Andy Warhol (1928-1987)

État civil : Andrew Warhola
Dates : 1928-1987

Les années de formation

Andrew Warhola naît en 1928 à Pittsburgh en Pennsylvanie. Il est le troisième fils de Julia et Ondrej Warhola, émigrés d’origine tchécoslovaque.
Enfant, il est souvent malade et passe beaucoup de temps à dessiner ou à feuilleter des revues auprès de sa mère.
En 1945, Andrew Warhola rentre au Carnegie Institute dont il sortira diplômé en 1948. Etudiant doué, il se fait remarquer par le caractère polémique de ses travaux.

Les débuts à New-York, un illustrateur vite reconnu

Son diplôme en poche, il se rend aussitôt à New York. Très vite, et en dépit de ses airs timides, son opiniâtreté et la qualité de son porte folio lui ouvrent les portes des plus grandes revues.
Il dessine notamment pour Glamour et prend le nom d’Andy Warhol. Le style profondément original et frivole de ses illustrations au trait tamponné lui acquiert très vite une reconnaissance. Sa force de travail inégalée lui permet de décrocher de nombreuses commandes et il devient un illustrateur en vue.

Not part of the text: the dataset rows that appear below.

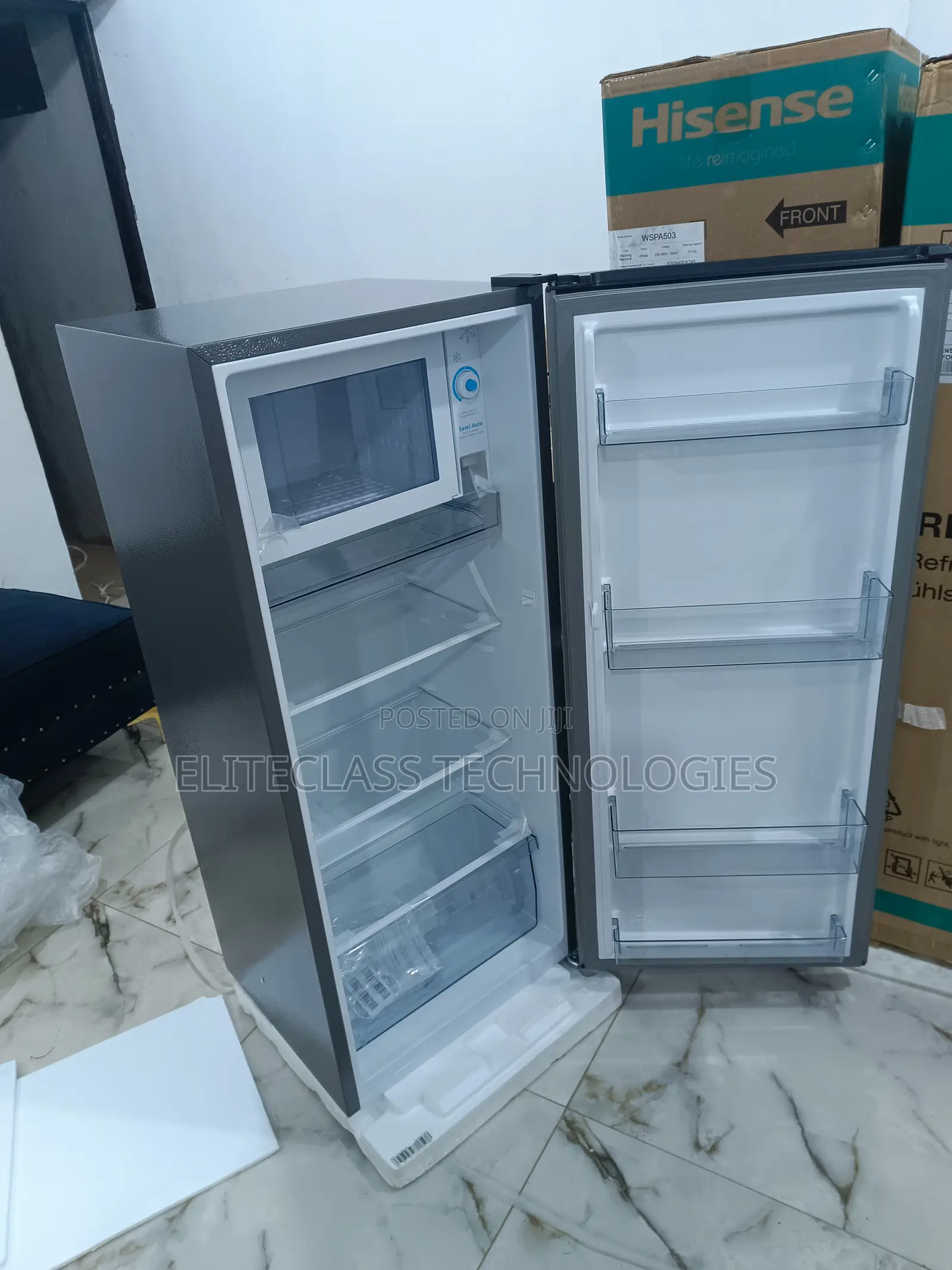 Fast Cooling Hisense Refigerator RR230S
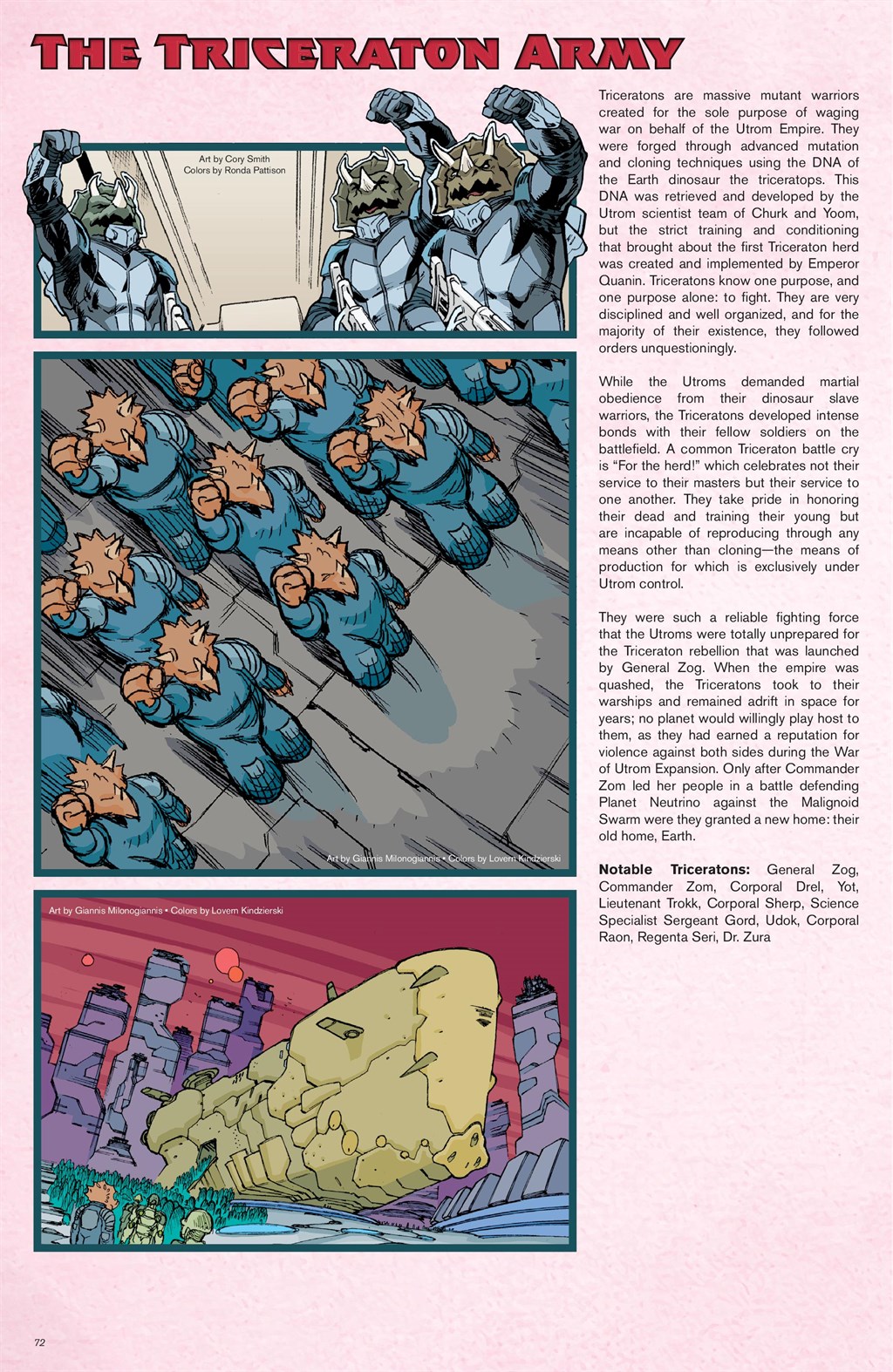 Teenage Mutant Ninja Turtles: Sourcebook (2024-) issue 2 - Page 64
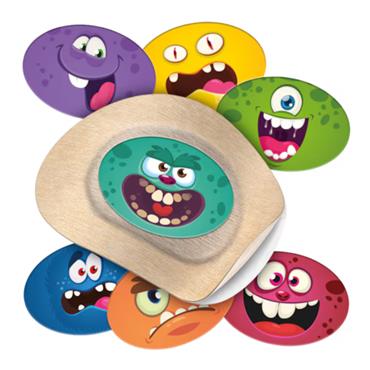 Leukoplast Eye Occlusor 5.5x7.6cm - 30 Pack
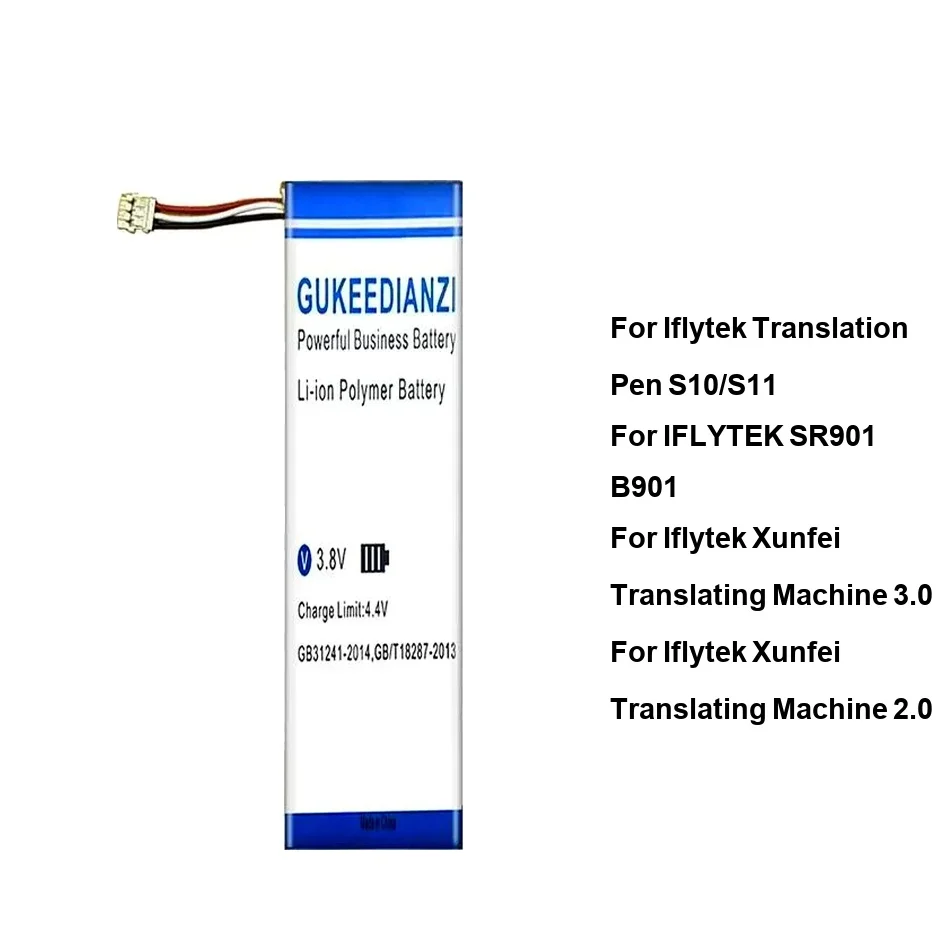 

IFL001 Easytrans 808 / 900 ML100A Battery For Iflytek Xunfei SR901 Translating Translation 2.0 3.0 1500-5000mAh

Il signe régulièrement des publicités de chaussures pour I. Miller.
À la même époque, il réalise aussi plusieurs albums auto-édités : A is an alphabet, Love is a pink cake, In the bottom of my garden.

La percée dans le monde des Beaux-Arts

À la fin des années 50, Warhol ne se contente plus de sa carrière d’illustrateur et cherche à devenir un artiste à part entière.
La percée de John Rauschenberg et Jasper Johns annonce la fin du triomphe de l’expressionnisme abstrait.
Le style de Warhol évolue beaucoup durant cette période, il réalise ses premières peintures à l’épiscope à partir de bandes dessinées et d’annonces publicitaires.
En 1961, il rencontre Ivan Karp, le gérant de la galerie Castelli à qui il fait visiter son atelier. Très vite s’y succèdent Henry Geldzahler, jeune conservateur au Metropolitan Museum ; Irving Blum, propriétaire de la Ferus Gallery à Los Angeles ainsi qu’un certain nombre de collectionneurs.
Il découvre l’œuvre de Roy Lichtenstein et abandonne alors la bande dessinée pour se tourner vers des objets de consommation : c’est la série des Campbell’s soup. Ces tableaux d’une précision toute mécanique, natures mortes d’un genre nouveau déconcertent le milieu artistique et marquent un tournant décisif dans la carrière de l’artiste.
En juillet 1962, Irving Blum consacre à Andy Warhol sa première exposition personnelle.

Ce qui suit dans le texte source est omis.